Although there is no local authority directly on the point, I am satisfied that section 21 of the Limitation Act 1985, which fixes the limitation period for contribution claims between tortfeasors, should be interpreted so that the limitation period is calculated by reference to the limitation period for the principal cause of the action as extended by any order of the Court, for example under section 36 in respect of personal injury claims. The observations of Hayne JA, as his Honour then was, in Robins v Downs (1996) 24 MVR 180, although obiter, are compelling towards that interpretation. I note that his Honour’s approach was approved and followed by the Queensland Court of Appeal (McMurdo P, Byrne and Cullinane JJ) in Workers’ Compensation Board of Queensland v Seltsam Pty Limited (1999) 2 Qd R 679. Both cases were concerned with section 40 of the Queensland Limitation of Actions Act 1974, which is in similar terms to section 21 of the Limitation Act 1985 of this Territory.

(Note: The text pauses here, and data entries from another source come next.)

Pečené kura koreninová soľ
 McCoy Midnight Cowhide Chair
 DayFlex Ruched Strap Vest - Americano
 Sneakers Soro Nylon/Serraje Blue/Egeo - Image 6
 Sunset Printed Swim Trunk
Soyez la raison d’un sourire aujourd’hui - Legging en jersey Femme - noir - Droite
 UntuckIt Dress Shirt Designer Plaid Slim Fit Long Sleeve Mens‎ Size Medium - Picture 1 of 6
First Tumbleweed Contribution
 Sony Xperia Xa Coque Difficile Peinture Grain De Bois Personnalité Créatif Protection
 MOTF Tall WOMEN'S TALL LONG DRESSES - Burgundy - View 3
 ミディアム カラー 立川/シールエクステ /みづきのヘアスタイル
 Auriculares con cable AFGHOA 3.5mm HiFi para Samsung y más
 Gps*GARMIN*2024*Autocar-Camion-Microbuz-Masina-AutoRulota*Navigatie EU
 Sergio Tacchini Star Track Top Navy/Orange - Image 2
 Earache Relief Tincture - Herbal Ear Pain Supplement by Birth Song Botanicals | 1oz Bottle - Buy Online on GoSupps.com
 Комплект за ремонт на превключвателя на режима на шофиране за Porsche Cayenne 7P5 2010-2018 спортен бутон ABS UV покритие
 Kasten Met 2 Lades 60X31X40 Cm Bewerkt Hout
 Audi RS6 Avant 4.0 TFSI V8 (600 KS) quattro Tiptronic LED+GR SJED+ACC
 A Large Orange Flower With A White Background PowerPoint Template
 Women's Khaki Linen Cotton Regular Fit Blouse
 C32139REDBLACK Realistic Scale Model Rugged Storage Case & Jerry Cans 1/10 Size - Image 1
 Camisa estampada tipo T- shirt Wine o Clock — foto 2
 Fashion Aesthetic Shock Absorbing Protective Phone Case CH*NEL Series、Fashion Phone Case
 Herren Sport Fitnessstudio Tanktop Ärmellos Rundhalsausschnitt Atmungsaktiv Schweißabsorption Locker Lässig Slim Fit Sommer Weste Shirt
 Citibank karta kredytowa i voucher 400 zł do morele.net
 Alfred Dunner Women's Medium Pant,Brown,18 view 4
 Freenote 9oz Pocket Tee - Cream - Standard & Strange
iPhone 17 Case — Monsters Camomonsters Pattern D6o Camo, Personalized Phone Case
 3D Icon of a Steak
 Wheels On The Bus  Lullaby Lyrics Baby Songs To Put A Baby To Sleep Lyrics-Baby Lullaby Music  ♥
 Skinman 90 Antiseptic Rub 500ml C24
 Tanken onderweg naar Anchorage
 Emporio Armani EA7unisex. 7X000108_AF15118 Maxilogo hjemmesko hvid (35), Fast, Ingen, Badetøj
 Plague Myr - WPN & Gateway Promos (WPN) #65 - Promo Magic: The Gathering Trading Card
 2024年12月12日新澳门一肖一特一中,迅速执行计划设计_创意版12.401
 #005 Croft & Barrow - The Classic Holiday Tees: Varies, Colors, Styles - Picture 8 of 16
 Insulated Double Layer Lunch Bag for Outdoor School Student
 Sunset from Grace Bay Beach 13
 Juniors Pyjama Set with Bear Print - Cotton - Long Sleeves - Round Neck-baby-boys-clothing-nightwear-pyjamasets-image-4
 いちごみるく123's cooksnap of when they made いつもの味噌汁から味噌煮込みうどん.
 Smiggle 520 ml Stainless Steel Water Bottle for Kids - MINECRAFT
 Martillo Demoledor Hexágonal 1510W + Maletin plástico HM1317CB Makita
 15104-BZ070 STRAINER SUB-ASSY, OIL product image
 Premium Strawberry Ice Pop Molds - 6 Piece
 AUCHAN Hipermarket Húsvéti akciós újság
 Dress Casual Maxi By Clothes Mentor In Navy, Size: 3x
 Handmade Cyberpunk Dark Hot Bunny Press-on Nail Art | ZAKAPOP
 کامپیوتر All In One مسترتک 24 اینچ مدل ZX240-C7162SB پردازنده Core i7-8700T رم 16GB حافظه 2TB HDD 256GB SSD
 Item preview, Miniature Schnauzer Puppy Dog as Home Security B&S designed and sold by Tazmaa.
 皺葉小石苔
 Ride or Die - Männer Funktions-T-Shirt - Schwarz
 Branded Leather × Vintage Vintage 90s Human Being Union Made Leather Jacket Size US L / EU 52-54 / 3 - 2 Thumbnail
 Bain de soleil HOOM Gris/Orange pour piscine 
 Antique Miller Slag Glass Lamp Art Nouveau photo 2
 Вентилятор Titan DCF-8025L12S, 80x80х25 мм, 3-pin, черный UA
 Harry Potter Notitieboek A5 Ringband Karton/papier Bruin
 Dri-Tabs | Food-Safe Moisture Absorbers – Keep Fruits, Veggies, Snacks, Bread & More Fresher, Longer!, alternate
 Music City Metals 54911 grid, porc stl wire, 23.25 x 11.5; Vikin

Counsel for the second defendant draws attention to a claim by each of the plaintiffs framed, in addition to trespass to the person and negligence, in breach of fiduciary duty giving rise to equitable damages. He argues that section 21 is limited to claims for contribution in respect of damage caused by a wrong, defined effectively as a tort or a breach of contract which is concurrent and coextensive with a duty of care in tort. He argues that a claim for equitable damages for breach of fiduciary duty is not covered by section 21, and that the limitation period for such a claim would be, under section 11, six years from when the claim arises. This would not be until judgment in or settlement of the principal action. If this is correct, the third party claims in respect of the alleged breaches of fiduciary duty are within time.
I would not wish to decide this point without providing the plaintiffs with an opportunity to be heard, but having regard to the submissions to date I am far from persuaded that an action lies in Australia for damages for breach of fiduciary duty by a student against a school or schoolteacher. It is possible that the law may move over time to this position: the Supreme Court of Canada has recognised incest perpetrated on a young girl by her father as a breach of fiduciary duty: KM v HM (1992) 96 DLR (4th) 289. Academic commentators in Australia have urged courts to develop the law in this direction: for example, ‘Access to Justice for Survivors of Child Sexual Abuse’, an article by Annette Marfording, a senior lecturer in law at the University of New South Wales, published at (1997) 5 Torts Law Journal 1. Kirby P, as his Honour then was, has expressed a similar view in obiter comments in Williams v Minister, Aboriginal Land Rights Act (1994) 35 NSWLR 497. In the same case, Priestley JA (at 516) displayed an open mind about “questions of arguability of legal propositions which may be novel but which require careful consideration in the light of changing social circumstances”.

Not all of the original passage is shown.